Well the bikes built @ the LBS. It's 100% done.

I was going to take it home when I realized the discrepancy w. the wheels so it'll stay there until I get everything sorted out. LBS is planning to talk to Orbea today, if possible, or tomorrow .


----------



## Arginine (Nov 14, 2007)

Gotcha. Afraid I can't help you with your question, but do post pics when you get the bike home.


----------



## jazzman161 (Aug 3, 2008)

No prob. Will do. White frame w. white pedals and grip tape. Looks sexy. Maybe I'll put a white saddle on it. hehe


----------



## Amsmoore (Jun 11, 2008)

Orbea swaps some components around sometimes. Its more of a regional distribution thing. 


My Onix was supposed to come with Vittorias, but had Pro races.


----------



## jazzman161 (Aug 3, 2008)

That's not really fair/right though is it? I mean I'm not as familiar w. road components as I am mt. bike components but I couldn't even find the Shimano wheelset they gave me so I have no idea if it's comparable to Equipes. 

My thinking is I liked/purchased the bike with the specs that were given to me, so I should get that.


edit: I just found the wheelset online - Shimano RS500


----------



## Arginine (Nov 14, 2007)

I agree with you. Tires are no big deal, but wheels are expensive, and you should be able to count on what you think you are getting.


----------



## Amsmoore (Jun 11, 2008)

If you where getting the askiums, be thankful. 

IIRC the Shimano wheels are actually better than the Mavics.


----------



## jazzman161 (Aug 3, 2008)

What makes the Shimano wheels better? Just curious.

The spec sheet the LBS gave me said it should be Equipes tho, not Aksiums.


----------



## Anvil08 (Aug 4, 2008)

Got the same bike two weeks ago. Came with Equipes. BTW - Love it so far.


----------



## jazzman161 (Aug 3, 2008)

Anvil08 said:


> Got the same bike two weeks ago. Came with Equipes.
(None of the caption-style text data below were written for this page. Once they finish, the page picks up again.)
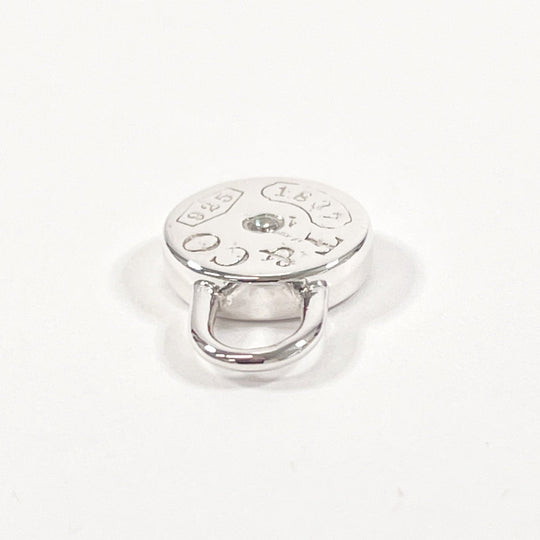 TIFFANY&Co. Pendant top Silver925, Diamond Silver 1837 Round Rock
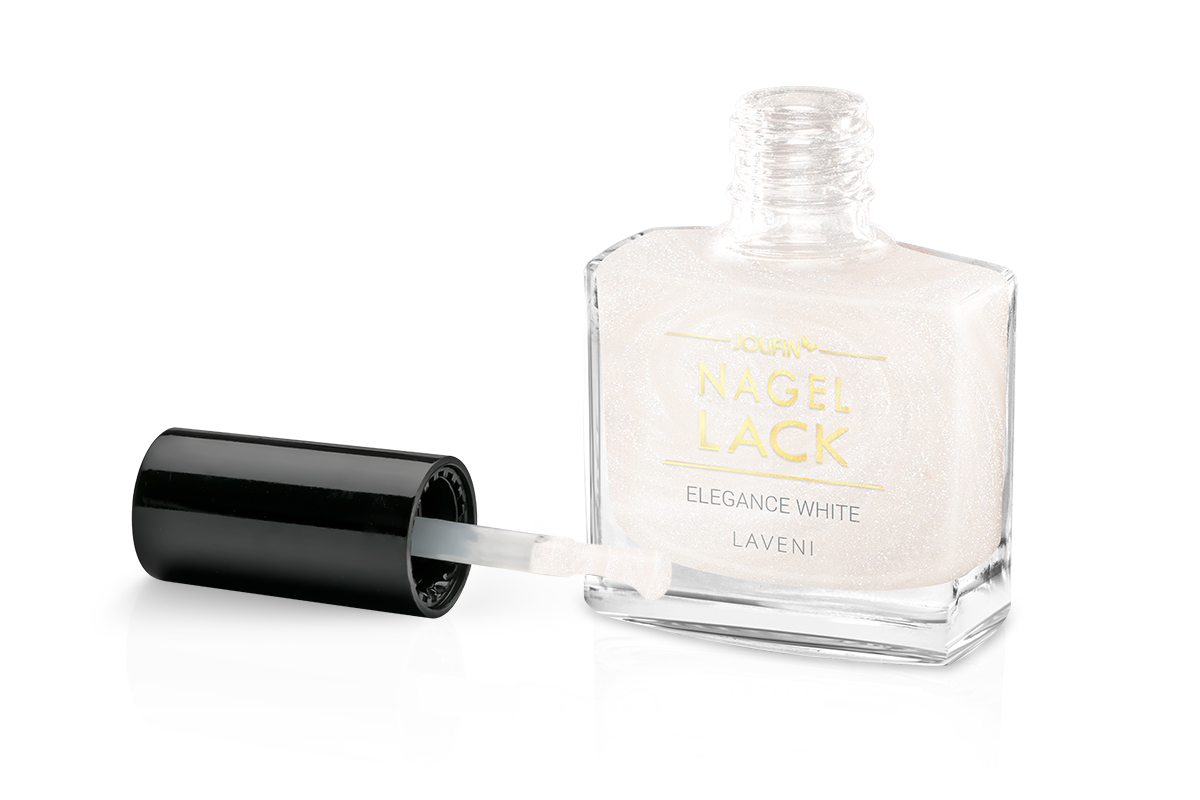 Jolifin LAVENI Nagellack - elegance white 9ml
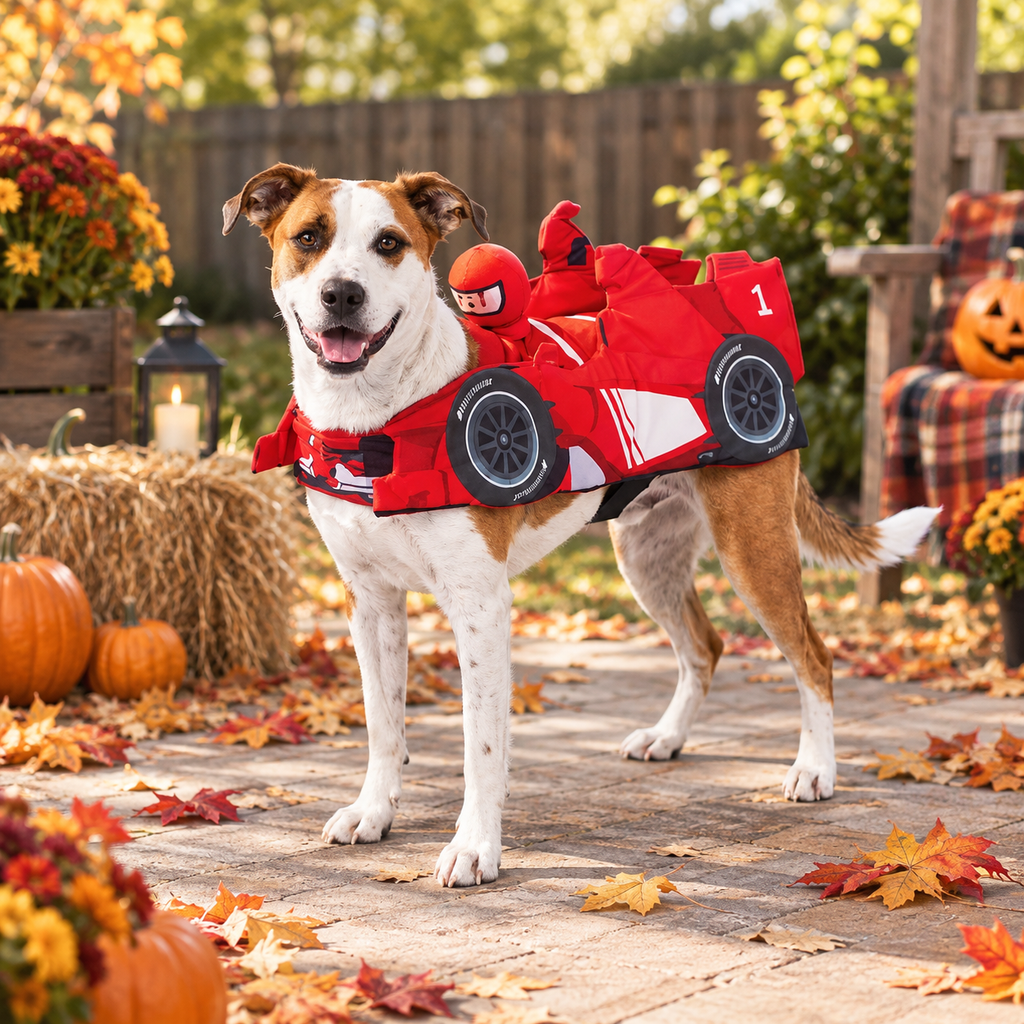 Halloween Racing Driver Dog Costume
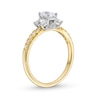 Thumbnail Image 2 of 1.00 CT. T.W. Emerald-Cut Diamond Past Present Future® Engagement Ring in 14K Gold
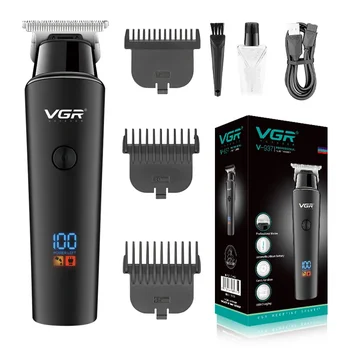 VGR Машинка для стрижки волос Триммер Режущая машина для мужчин Электрический парикмахер Профессиональные парикмахерские машины Режущее оборудование Перезаряжаемый v937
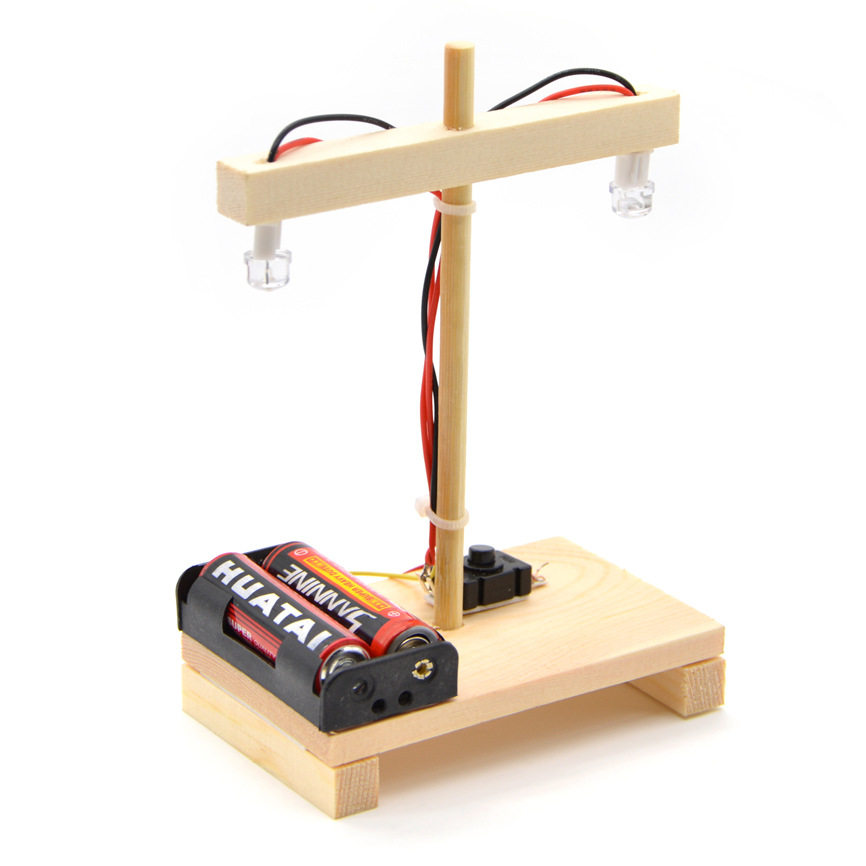 小发明制作科技材料包手工diy双头路灯 小学生创意科学实验玩具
BTW - Love it so far.


Did you get Cat II components instead of Cat I?


----------



## Anvil08 (Aug 4, 2008)

I have the Cat II bar and stem. Ultegra SL components everywhere else except the cassette (105).


----------



## dwwheels (Feb 28, 2007)

Glory Cycles shows the Equipe wheels. Maybe contact them to see if this is how they are getting this model shipped to them.


http://www.glorycycles.com/orontdf20cob.html


----------



## schustmi (Jun 16, 2008)

Mine also came with Cat II, Ultegra SL except the cassette, and Mavics. It is a nice looking bike, and fun to ride.


----------



## jazzman161 (Aug 3, 2008)

Well my LBS contacted Orbea and I don't know if it was a mistake or what but Orbea is sending out the Mavic Equipes. I should be ready to ride by this weekend. =)


----------



## cwilliams (Jul 26, 2008)

Orbea will budge on different components compared to what they normally come with. I have the white TDF frame with the TDA components. Saved money, works just fine, and got what I consider the best color frame in the lineup.


----------



## jazzman161 (Aug 3, 2008)

So I ended up w. a bastardized Onix when it was all said and done but I'm content and that's what's important.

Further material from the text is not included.